British politician (1925–2014)

Sir (Arthur) Godfrey Taylor DL (usually known as Tag Taylor) (3 August 1925 - 31 May 2014) was a British local government leader best known for his work as Chairman of the London Residuary Body which disposed of the assets of the Greater London Council after its abolition.

Taylor was educated at Stockport Secondary School. He was first elected as a Conservative councillor to Sutton and Cheam Borough Council in 1951. In 1962 he was elected an Alderman, and he was elected for Cheam South ward to Sutton Borough Council from the creation of the council in 1964 until 1968. He was an Alderman of Sutton from 1968 until the abolition of the Aldermanic system in 1978. He then returned to his old ward for a final term from 1978 to 1982. Having previously served as Leader of Sutton Borough Council and Chairman of the London Boroughs Association (1968-1971), from 1978 to 1980 Taylor was Chairman of the Association of Metropolitan Authorities, ending his term with a knighthood.

The Conservative government appointed Taylor as Chairman of the Southern Water Authority in 1981 for a four-year term. As this term was coming to an end, he was picked to head up the London Residuary Body. His close connections with the Conservative Party were regarded with cynicism by opponents of the abolition of the GLC, which had been controlled by a left-wing Labour administration in its last five years. However, the LRB had very few powers beyond selling off and dismantling the GLC, and when he took charge he was not a prominent figure. The most controversial decision of the LRB, to sell off the GLC's offices at County Hall to a Japanese corporation rather than the London School of Economics, was taken when Taylor was very little known to the public.

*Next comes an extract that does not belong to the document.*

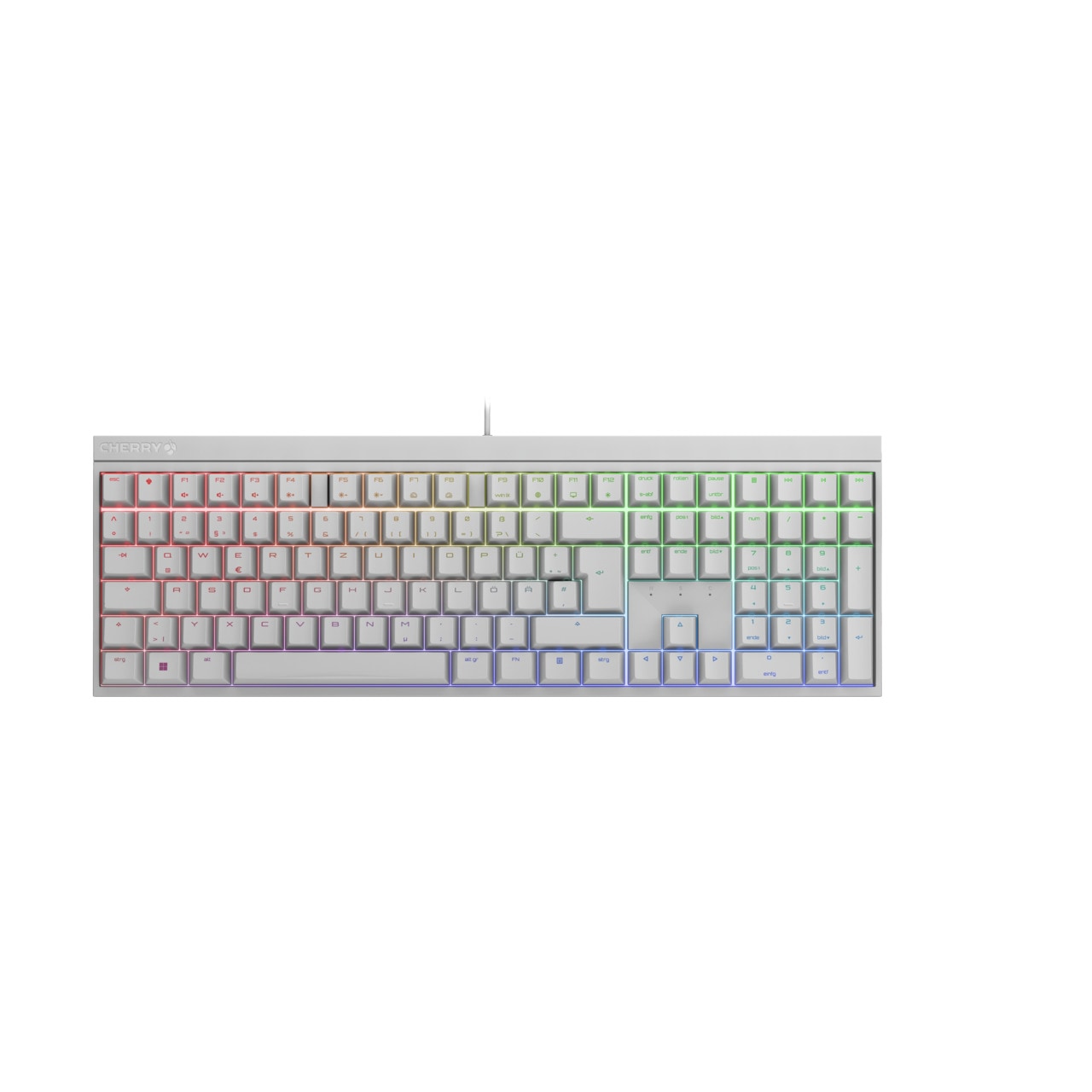 Cherry Gaming-Tastatur »MX 2.0S RGB«, MX Red Silent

Taylor was reappointed chairman several times. As the LRB progressively sold off assets, its work reduced and from 1 December 1992 his time commitment reduced from 5 days a week to one. He continued until the LRB had completed its work and was wound up in 1996. An academic study of its work, "The Dismantlers", gave general praise for the work it had done, but members of the old GLC regarded its purpose as being fundamentally destructive. Taylor became a Deputy Lieutenant of Greater London in 1988, and was Chairman of the Shrievalty Association from 1995 to 1998. He served as High Sheriff of Greater London in 1984.